I really don’t want to publicly talk about this, but I cannot censor myself either. My book features a lot of talk about corrupt cops, a full-out onslaught on the power tripping police, and freedom through this action.
That’s what makes me so sad at how often these stories are popping up. I’m not linking to anything. There’s enough everywhere you look. Everyone is drowning in stories of it. Where I take umbrage is the notion that the job of police to kill if necessary. That is the job of a soldier.
Somewhere in this messed up decade, the police went from people you could run to if you needed help to someone who may gun you down and never face any real repercussions. We may act shocked that this is happening, particularly when there is no indictment, but this has happened a lot. Rodney King wasn’t that long ago. For some reason, police are held to a different standard than we are, especially if the civilian involved is a minority.

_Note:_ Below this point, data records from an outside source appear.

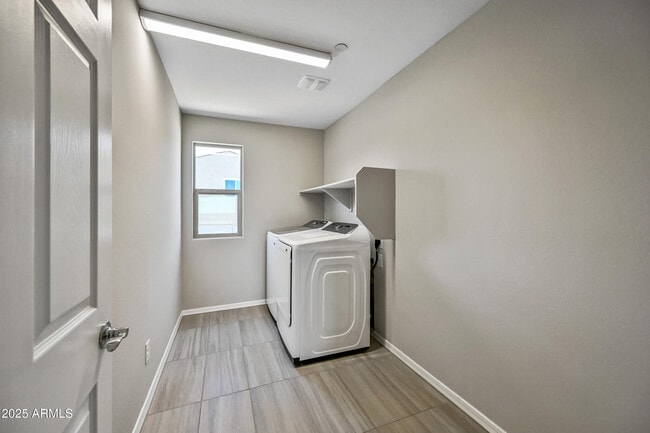 Building Photo - 13479 W Cassia Trail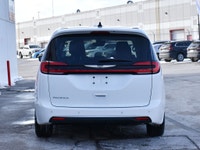 APPLE CAR PLAY, BALANCE OF WARRANTY, ANDROID AUTO, **MARKET VALUE PRICING**, CLEAN CARFAX, 10.1" Tou... (image 4)
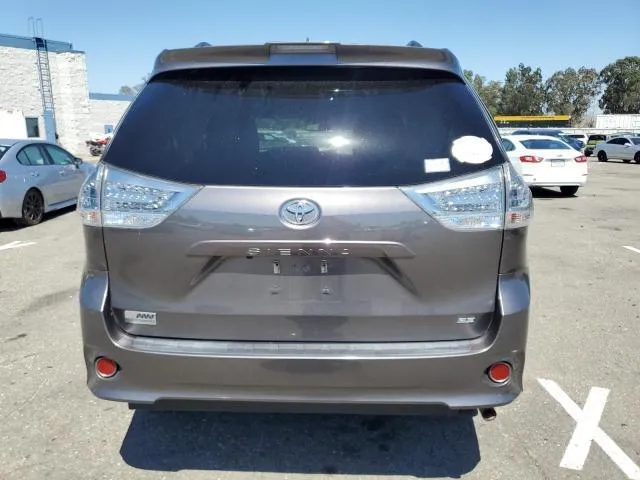 5TDXZ3DC3JS916129 2018 2018 Toyota Sienna- SE 6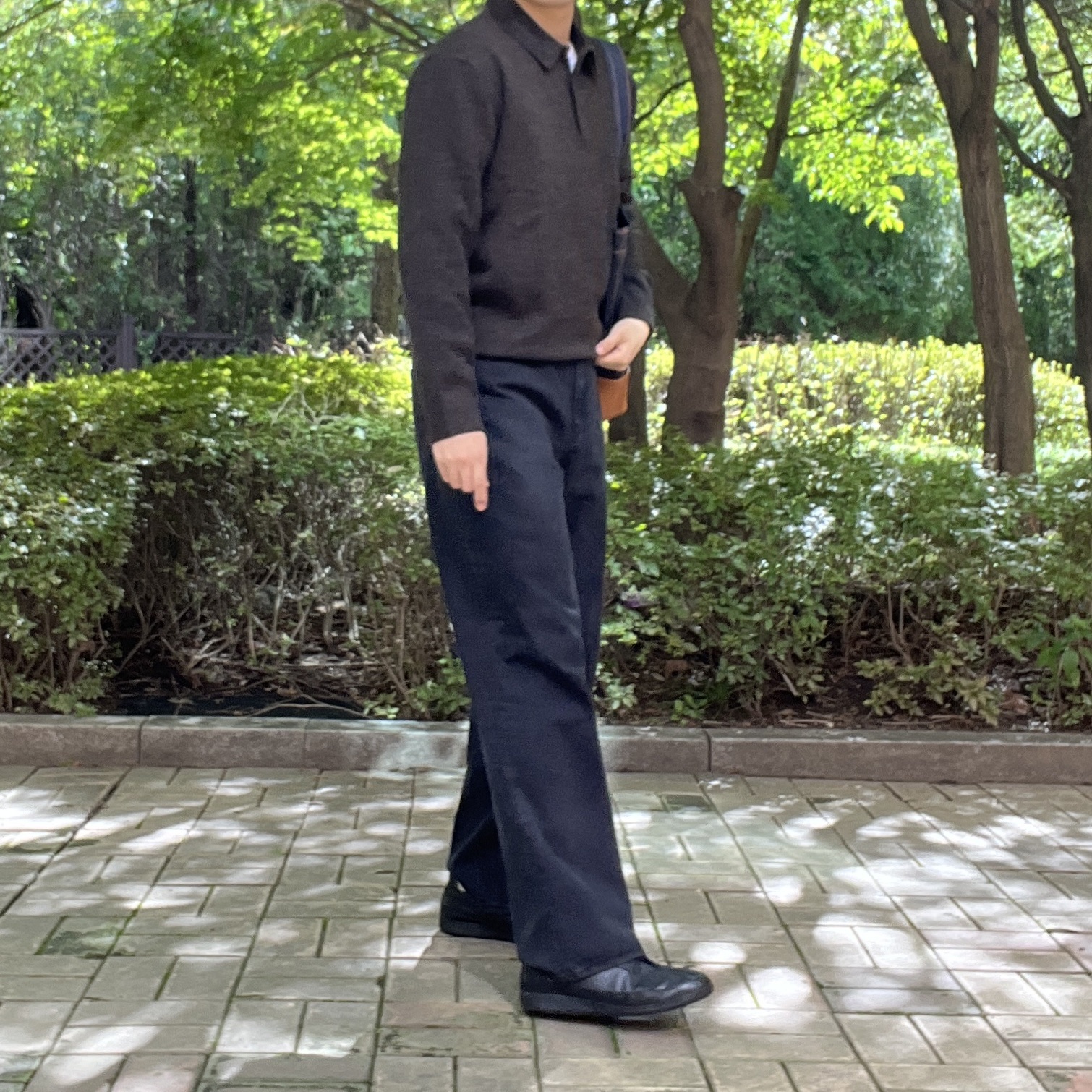 A.P.C. Axelle Tote Bag Denim Caramel, Pemont Dress Black 착용 스타일 - 2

This is not an indictment on all police. I have had equal parts good and bad run-ins with the law. Some clearly overstepped their bounds, and some where truly kind people who were just doing whatever they can to help. Therein lies the problem. These truly good men and women who risk their lives by being on the front line of civilian violence, and who are good, honest people are put in extra danger because of psychopaths.
This brings me to what drew my anger: some guy shooting and killing two innocent cops. This act by a raving lunatic wasn’t political; it was selfish. Any sort of solidarity concerned citizens were rallying was shattered with that act. Now there are two extremes: One said are the people against murdering cops like the one who gunned down Tamir Rice for having a toy gun without any attempt to disarm him. A video shows him, admittedly moving his hands towards his waist band as a cop car with two individuals pull up, the door opens, one fires on the child and hides behind the car, and that’s it. Murdered.
On the other end, we have some guy killing two cops who did nothing wrong under the guise of some social message. It wasn’t. It was blind terrorism.
As a country, we are afraid to talk about race and racism. We are afraid to ask what made Michael Brown, a teenager who had a past, into the type of person where his unarmed murder by a cop isn’t a clear case of his innocence. We’ve failed him as a society just as we’ve failed the police who resort to violence before they resort to using psychology. When every cop is a soldier, does that make anyone who opposes them insurgents?